All inorganic halide double perovskite Cs2AgInX6 (X = Cl, Br) is a potential lead-free alternative to CsPbX3 for optoelectronic applications. However, Cs2AgInBr6 thin films were shown to be thermodynamically unstable at room temperature, remaining cubic only long enough to be characterized but not long enough to be useful for practical devices and decomposing into Cs2AgBr3, Cs3In2Br9, AgBr, and InBr3 upon cooling from synthesis temperatures (∼150 °C) to room temperature. In contrast, Cs2AgInCl6 is stable at room temperature and in the ambient.

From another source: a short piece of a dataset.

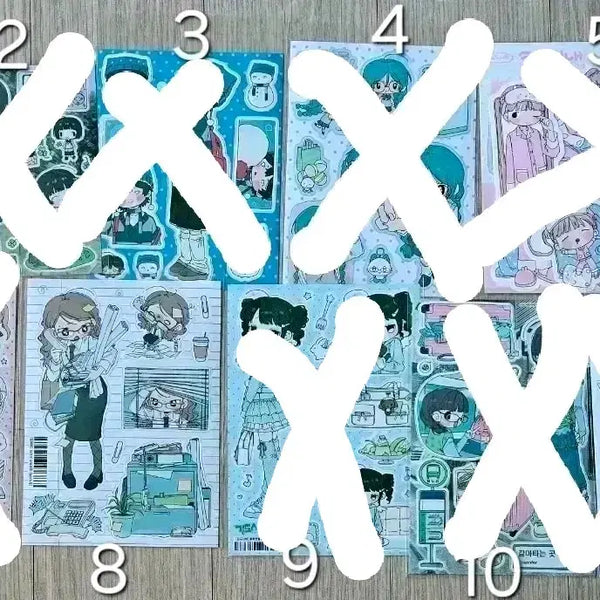 [BUNJANG] Kimdosirak Sticker Pack / [스티커 판매] 김도시락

Herein, we synthesize thin films of the mixed halide Cs2AgInBr6−xClx (x = 1–5) via vapor deposition by coevaporating CsX, AgX, and InX3 and subsequently annealing the resulting films. Surprisingly, none of the halide alloys were stable in ambient air. The films remain cubic Cs2AgInBr6−xClx from tens of minutes to a few hours in the ambient air, decomposing slowly and eventually completely after a day to Cs2Ag(Cl,Br)3, Cs3In2(Cl,Br)9, In(Cl,Br)3, and Ag(Cl,Br). Storing the films in a nitrogen-filled glovebox slows the decomposition but does not stop it for Cs2AgInBr5Cl and Cs2AgInBr3Cl3, suggesting humidity is a factor in the decomposition. However, Cs2AgInBrCl5 was an exception and remained stable in the nitrogen-filled glovebox for at least three months.